# Low Carb Coopers Pale Ale - Malt Or Dextrose?



## Bremmario (8/6/09)

I'm running out of beer and it's time for a new brew.

I'm fairly new to the game but I'm lovin' the steady supply of 25c beers. So far I've brewed all coopers concentrate kits - draught, lager and a few pales.

I've decided I need to lose some weight though but at the same time I refuse to stop drinking beer, I'm sure you all know what I'm talkin' about!

I have the following ingredients:

coopers pale concentrate kit
20kg light dry malt extract
25kg dextrose
packet of dry enzyme


1. What sugar will work best and how much? If I use malt instead of dextrose will it be any tastier or will it just be a waste of malt?

2. Furthermore, how much sugar will I need? The brew store guy told me 500g of 'sugar' as the enzyme will allow the yeast to eat up the more complex sugars, but I forgot to ask about malt vs dextrose.

3. Is 1 gram of light dry malt extract equivalent to 1 gram of dextrose in terms of fermentability?

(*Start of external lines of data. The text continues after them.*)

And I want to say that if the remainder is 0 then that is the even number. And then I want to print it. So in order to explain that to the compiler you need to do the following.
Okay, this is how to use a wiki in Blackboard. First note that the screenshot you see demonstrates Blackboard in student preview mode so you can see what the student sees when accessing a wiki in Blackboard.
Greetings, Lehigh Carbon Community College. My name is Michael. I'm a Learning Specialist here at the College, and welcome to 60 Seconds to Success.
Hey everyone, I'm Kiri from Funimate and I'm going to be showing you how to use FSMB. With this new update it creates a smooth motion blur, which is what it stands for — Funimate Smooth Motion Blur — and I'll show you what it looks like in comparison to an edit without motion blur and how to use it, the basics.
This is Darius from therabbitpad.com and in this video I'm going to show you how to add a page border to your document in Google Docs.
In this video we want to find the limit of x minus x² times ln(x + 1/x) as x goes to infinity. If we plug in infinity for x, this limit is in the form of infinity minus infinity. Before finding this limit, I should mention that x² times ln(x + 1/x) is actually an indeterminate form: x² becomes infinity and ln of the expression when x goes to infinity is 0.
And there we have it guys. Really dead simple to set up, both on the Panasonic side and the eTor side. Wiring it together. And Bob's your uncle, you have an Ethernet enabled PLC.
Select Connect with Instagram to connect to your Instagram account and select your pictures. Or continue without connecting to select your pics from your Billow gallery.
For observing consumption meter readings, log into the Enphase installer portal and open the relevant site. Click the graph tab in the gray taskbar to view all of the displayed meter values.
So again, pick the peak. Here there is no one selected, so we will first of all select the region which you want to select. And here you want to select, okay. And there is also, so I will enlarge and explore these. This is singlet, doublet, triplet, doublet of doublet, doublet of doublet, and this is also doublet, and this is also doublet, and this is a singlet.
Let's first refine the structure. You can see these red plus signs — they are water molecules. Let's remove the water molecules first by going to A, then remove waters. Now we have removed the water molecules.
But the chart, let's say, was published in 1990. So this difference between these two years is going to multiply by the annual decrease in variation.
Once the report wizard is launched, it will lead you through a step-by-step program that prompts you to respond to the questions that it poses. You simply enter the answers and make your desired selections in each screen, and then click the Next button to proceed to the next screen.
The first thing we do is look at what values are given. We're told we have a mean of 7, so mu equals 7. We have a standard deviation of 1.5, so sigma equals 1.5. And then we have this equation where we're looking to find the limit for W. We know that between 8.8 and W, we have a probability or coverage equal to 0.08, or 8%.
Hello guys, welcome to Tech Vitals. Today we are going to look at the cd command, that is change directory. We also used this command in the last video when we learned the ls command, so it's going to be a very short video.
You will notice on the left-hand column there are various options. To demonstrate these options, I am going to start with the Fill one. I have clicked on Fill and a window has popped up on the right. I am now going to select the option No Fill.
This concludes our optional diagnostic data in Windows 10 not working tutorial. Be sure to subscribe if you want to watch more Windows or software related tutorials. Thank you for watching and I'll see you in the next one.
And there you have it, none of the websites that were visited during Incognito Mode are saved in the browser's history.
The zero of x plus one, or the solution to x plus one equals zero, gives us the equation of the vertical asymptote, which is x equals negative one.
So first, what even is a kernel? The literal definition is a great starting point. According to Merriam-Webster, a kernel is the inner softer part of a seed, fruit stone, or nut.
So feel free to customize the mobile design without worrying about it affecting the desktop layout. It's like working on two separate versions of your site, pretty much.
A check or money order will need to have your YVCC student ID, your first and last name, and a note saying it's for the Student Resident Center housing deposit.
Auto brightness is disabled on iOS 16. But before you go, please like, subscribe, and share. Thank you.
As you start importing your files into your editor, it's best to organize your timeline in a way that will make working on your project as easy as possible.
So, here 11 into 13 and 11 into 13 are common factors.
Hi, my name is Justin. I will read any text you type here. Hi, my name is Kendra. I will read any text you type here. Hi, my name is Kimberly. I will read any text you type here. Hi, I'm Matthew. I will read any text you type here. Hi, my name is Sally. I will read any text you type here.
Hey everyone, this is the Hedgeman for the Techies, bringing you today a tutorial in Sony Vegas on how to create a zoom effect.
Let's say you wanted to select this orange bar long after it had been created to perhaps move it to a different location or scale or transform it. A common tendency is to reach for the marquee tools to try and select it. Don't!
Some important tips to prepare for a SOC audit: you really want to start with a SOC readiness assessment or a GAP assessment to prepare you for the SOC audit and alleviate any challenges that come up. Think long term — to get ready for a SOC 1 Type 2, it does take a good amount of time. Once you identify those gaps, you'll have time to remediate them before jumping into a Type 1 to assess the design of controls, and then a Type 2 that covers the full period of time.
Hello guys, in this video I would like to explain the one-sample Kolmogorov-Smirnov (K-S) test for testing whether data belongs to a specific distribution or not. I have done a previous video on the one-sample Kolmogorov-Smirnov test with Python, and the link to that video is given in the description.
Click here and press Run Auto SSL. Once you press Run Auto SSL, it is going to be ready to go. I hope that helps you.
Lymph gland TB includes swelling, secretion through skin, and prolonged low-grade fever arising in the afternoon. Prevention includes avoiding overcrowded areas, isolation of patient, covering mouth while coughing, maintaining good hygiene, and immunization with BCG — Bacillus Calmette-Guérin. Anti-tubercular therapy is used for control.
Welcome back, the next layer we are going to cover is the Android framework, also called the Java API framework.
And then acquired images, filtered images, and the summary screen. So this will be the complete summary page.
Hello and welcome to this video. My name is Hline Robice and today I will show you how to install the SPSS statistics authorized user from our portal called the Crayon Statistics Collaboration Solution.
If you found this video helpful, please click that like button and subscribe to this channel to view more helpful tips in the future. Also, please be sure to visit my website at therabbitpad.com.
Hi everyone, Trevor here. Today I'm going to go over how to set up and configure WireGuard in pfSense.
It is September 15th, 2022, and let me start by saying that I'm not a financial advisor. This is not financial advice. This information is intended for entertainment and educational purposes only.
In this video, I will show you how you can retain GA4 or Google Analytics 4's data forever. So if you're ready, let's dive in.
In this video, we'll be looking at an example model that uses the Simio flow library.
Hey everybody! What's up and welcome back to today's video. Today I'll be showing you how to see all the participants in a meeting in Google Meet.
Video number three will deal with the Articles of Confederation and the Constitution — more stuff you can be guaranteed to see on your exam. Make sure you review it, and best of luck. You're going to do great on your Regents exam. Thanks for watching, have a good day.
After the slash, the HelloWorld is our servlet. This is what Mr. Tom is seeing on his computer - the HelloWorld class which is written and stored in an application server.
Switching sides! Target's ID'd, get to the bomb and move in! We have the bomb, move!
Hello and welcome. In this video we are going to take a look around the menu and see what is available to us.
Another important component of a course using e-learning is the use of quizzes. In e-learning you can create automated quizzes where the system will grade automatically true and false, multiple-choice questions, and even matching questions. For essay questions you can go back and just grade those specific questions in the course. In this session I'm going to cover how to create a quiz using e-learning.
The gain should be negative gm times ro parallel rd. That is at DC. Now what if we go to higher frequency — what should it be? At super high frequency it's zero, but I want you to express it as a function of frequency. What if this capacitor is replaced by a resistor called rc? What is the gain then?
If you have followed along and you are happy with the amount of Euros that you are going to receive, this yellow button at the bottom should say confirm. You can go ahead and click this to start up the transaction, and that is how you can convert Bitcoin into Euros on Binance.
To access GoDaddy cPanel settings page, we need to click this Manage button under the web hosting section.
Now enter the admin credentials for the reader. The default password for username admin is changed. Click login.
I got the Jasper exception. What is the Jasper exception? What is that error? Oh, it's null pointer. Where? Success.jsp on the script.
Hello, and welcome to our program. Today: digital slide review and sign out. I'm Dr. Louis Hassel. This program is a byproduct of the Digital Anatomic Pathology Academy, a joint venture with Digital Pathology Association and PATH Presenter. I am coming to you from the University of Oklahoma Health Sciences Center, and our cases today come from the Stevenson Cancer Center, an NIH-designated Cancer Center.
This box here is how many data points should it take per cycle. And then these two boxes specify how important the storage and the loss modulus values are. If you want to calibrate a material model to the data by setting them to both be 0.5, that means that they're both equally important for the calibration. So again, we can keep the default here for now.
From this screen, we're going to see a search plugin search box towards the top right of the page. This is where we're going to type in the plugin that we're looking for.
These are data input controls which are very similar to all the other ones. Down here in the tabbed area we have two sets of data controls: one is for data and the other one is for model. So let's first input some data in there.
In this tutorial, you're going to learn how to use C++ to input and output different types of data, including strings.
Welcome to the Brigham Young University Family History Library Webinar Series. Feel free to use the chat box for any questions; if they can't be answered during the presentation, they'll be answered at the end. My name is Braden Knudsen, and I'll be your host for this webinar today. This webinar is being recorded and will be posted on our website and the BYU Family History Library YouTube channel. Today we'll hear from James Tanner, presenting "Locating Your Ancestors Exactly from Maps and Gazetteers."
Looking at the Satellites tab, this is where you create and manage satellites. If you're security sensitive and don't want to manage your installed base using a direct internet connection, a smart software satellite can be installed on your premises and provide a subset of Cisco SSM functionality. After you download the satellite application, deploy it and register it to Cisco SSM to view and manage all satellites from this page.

4. I bottle ferment, will the dry enzyme mean that I need to put less sugar in each bottle or risk over carbonation/bottle bombs?

5. Would it be worthwhile investing in a hops teabag for this brew?


----------



## chappo1970 (8/6/09)

PM Sully for his "All Ranga Ale" recipe.. :chug: 

I think its Can of Coopers Draught and 10kg of Dex and 2ltrs of lemon juice from woolies and a used tampon.. Ferment at 50degrees.. :super: 

Chappo


----------



## slacka (8/6/09)

Bremmario said:


> coopers pale concentrate kit
> 20kg light dry malt extract
> 25kg dextrose
> packet of dry enzyme


You will find that the dry enzyme will pretty much strip any malt flavour from your beer leaving you with something rather crisp almost watery. Your final gravity will also be much, much lower - as expected - somewhere around the 0.996 mark thus you will need to ease back on the sugar additions. As you 'brew shop guy' said, 500g is about right.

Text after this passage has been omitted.